Using the Pythagorean theorem:
hypotenuse^2 = side1^2 + side2^2
Let's substitute the given values:
hypotenuse^2 = 34^2 + 35^2
hypotenuse^2 = 1156 + 1225
hypotenuse^2 = 2381
To find the length of the hypotenuse, we need to take the square root of both sides:
hypotenuse = sqrt(2381)
hypotenuse ≈ 48.8 (rounded to the nearest 10th)
Therefore, the shortstop needs to throw the ball approximately 48.8 feet (rounded to the nearest 10th) from second base to first base.
step by step bot give me the right answer
Apologies for the confusion. Let's solve the problem step by step:
1. Given information:
- Distance from second base to shortstop: 34 feet
- Distance from shortstop to third base: 35 feet
- Distance from first base to second base: 90 feet
2. We can visualize this situation by drawing a diagram with a right triangle (with the shortstop as the right angle) and label the sides:
- Side 1: Distance from second base to shortstop = 34 feet
- Side 2: Distance from shortstop to third base = 35 feet
- Hypotenuse: Distance the shortstop needs to throw - this is what we need to find
3. Using the Pythagorean theorem, we know that in a right triangle, the square of the hypotenuse is equal to the sum of the squares of the other two sides.
hypotenuse^2 = side1^2 + side2^2
4. Substitute the given values into the Pythagorean theorem equation:
hypotenuse^2 = 34^2 + 35^2
hypotenuse^2 = 1156 + 1225
hypotenuse^2 = 2381
5. Solve for hypotenuse by taking the square root of both sides:
hypotenuse ≈ sqrt(2381)
hypotenuse ≈ 48.8357
6. Round the answer to the nearest 10th:
The shortstop needs to throw the ball approximately 48.8 feet (rounded to the nearest 10th) from second base to first base.
To find the distance the shortstop needs to throw the ball from second base to first base, we can use the Pythagorean theorem because we have a right triangle formed by the three bases.
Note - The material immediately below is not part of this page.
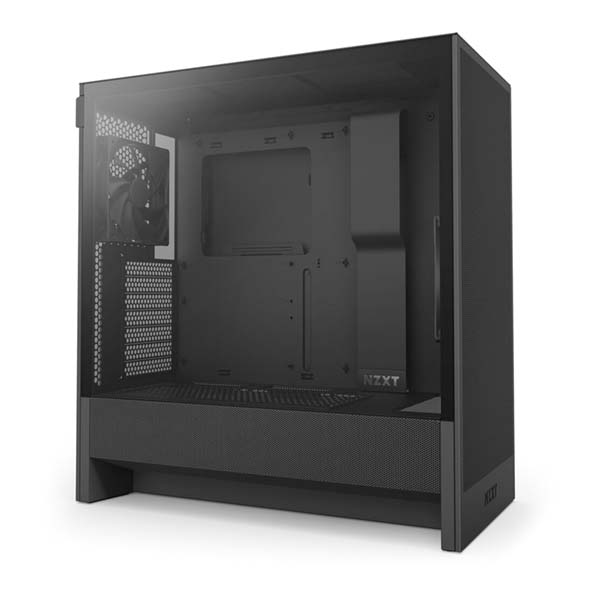NZXT H5 Flow (2024) Compact Mid-Tower ATX Case - Black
Step 1: Identify the lengths of the sides of the right triangle:
- The distance from second base to third base is given as 35 feet.
- The distance from third base to first base is given as 90 feet.
- The distance from second base to first base, which we need to find, can be represented as "x" feet.
Step 2: Apply the Pythagorean theorem:
According to the Pythagorean theorem, the square of the hypotenuse (the longest side) is equal to the sum of the squares of the other two sides. In this case, the hypotenuse is the distance from second base to first base.
Using the theorem: c² = a² + b²
where c is the hypotenuse, a and b are the other two sides:
x² = 35² + 90²
x² = 1225 + 8100
x² = 9325
Step 3: Solve for x:
Taking the square root of both sides, we get:
x = √9325
Calculating the square root (√9325), we find that x is approximately 96.5 feet.
Therefore, the shortstop needs to throw the ball approximately 96.5 feet from second base to first base, rounded to the nearest tenth.